Donner sa vie, c’est une grâce à demander tous les jours. Le martyr sanglant est le fruit ultime de ce don de soi. Luc raconte la mort d’Etienne comme il a raconté celle de Jésus. Etienne est tellement plein du Christ, qu’il parle comme lui, qu’il agit comme lui. Donner sa vie, ce n’est pas donner sa mort même si le don de soi peut amener au martyr. Donner sa vie, c’est faire suffisamment de place à l’amour de Dieu, pour vivre de cet amour capable de traverser la croix. La qualité d’amour dans la foi chrétienne est due à la rencontre avec le Christ. Lorsque le Fils prend figure humaine, il transporte sur son visage et dans ses yeux et jusque dans toute la puissance de son amour d’homme, la parfaite image de son Père. Le regard du Fils rencontrant le regard du Père, s’y ressourçant sans cesse comme on plonge et replonge dans un amour pour en être renouvelé sans fin.
Cet amour-là s’est fait chair pour nous et nous sommes aimés de cet amour là, appelés à en vivre et ce jusqu’à la folie de la croix.
C’est la Passion et la résurrection qui nous ouvrent au mystère du Père. La croix est ce retournement de Dieu contre lui-même dans lequel il se donne pour relever l’homme et le sauver. Cette action qui nous sauve continue à donner son fruit dans l’acte d’offrande de l’Eucharistie.
En Dieu, tout notre être, quand il est ouvert à la grâce, est habitée de l’amour divin. Cet amour en nous tient le cap, imperturbable, il maintient l’adhésion secrète à la vie, à l’amour, aux choses bonnes, à ce qui va venir et qu’il faudra vivre et vivre bien, et ce éventuellement jusqu’au martyr. L’amour divin en nous est extase non pas dans le sens d’un moment d’ivresse mais extase comme chemin, comme exode permanent allant du « je » enfermé sur lui-même vers sa libération dans le don de soi.
Pour connaître Jésus vraiment, nous ne pouvons le faire sans le Père. Celui qui ne serait pas d’une façon ou d’une autre touché par le Père et sous sa mouvance, ne pourra reconnaître Jésus. Sur chacun d’entre nous, le Père exerce une secrète attirance qui nous pousse doucement vers Jésus. « Le Père lui-même vous aime ( Jn 16, 27). »

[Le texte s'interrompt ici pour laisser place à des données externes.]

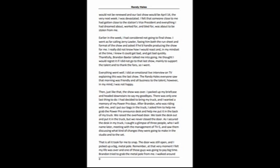I was devastated. I felt that someone close to me had gotten close to the station's vice president, and everything I had dreamed about, worked for, and bled for was about to be stolen from me.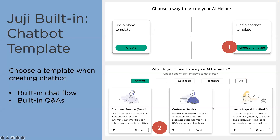Let's dive into the details of our built-ins first. The first thing you'll see when creating a new chatbot is the template. We recommend new users use our templates because they provide a built-in chat flow with already-populated topics related to your use case, as well as Q&As. For example, if you choose customer service, you may already have Q&As about hours of service and location, saving you time — you can simply update the answers if needed.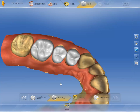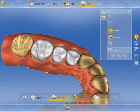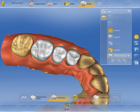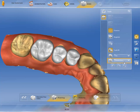CEREC Premium always first proposes a restoration calculated by biogenerics. You can, however, also use one of the proposals from the tooth database. First, select the manufacturer, followed by the desired form.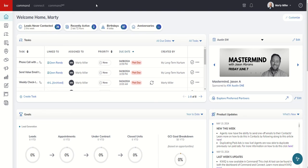Good morning, Keller Williams, and welcome back to the KW Command 66-Day Challenge. This is sort of 8.0, 9.0 — I don't know what this is. It's an exciting update. One of the most requested features inside of Command is now available for agents: we've updated the new KW Consumer Experience inside of Command with the ability to create a single listing landing page quickly and easily. Let's walk through that together.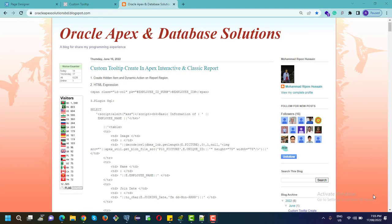Hello viewers, Assalamualaikum, how are you everybody. Today I will discuss how we can create a custom tooltip in the interactive report and classic report in Oracle APEX. If you are new here, please subscribe to the channel and hit the bell icon for all notifications. To create a custom tooltip in Oracle APEX, first we need to create an interactive report or classic report, so let's start.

Le Père nous ouvre l’esprit à plus que nous-même dans nos capacités naturelles en nous envoyant son propre Esprit.
Ce qui est nouveau, ce qui nous est donné pour que nous entrions dans une compréhension profondément spirituelle de ce que Jésus révèle du Père, c’est le don de l’Esprit Saint. « L’Amour de Dieu a été répandu dans nos cœurs par l’Esprit Saint qui nous a été donné », nous dit St Paul ( Rm 5,5).
« L’Esprit Saint, nous en avons reçu la marque. Ne le contristons pas ! » Quelle belle expression ! Littéralement n’attristez pas l’Esprit Saint. Faut-il en déduire que l’Esprit Saint nous est intime, qu’il est quelqu’un qui nous aime et qu’il puisse avoir de la peine devant notre conduite ? C’est l’Esprit qui fait de nous des croyants. Cet Esprit nous l’avons reçu. Frères, vous avez reçu en vous la marque du Saint Esprit de Dieu. La vie de l’Esprit Saint en nous est un don fragile. Fragile certes mais indélébile. Cette marque nous l’avons reçu, vivons-en !
Nous pouvons négliger la vie de l’Esprit en nous-même mais jamais nous ne perdrons sa marque. Nous pouvons négliger la vie de l’Esprit en nous mais quel dommage de passer à côté de nous-même. C’est vrai la vie moderne nous décentre de l’essentiel. Si l’Esprit nous conduit, si nous prenons soin de la vie divine en nous, en nos vies, nous continuerons à être attirés vers l’autel, vers l’Eucharistie, source et sommet de la vie chrétienne. Dans l’Eucharistie, le Christ nous offre au Père dans l’Esprit Saint, expression parfaite de leur amour.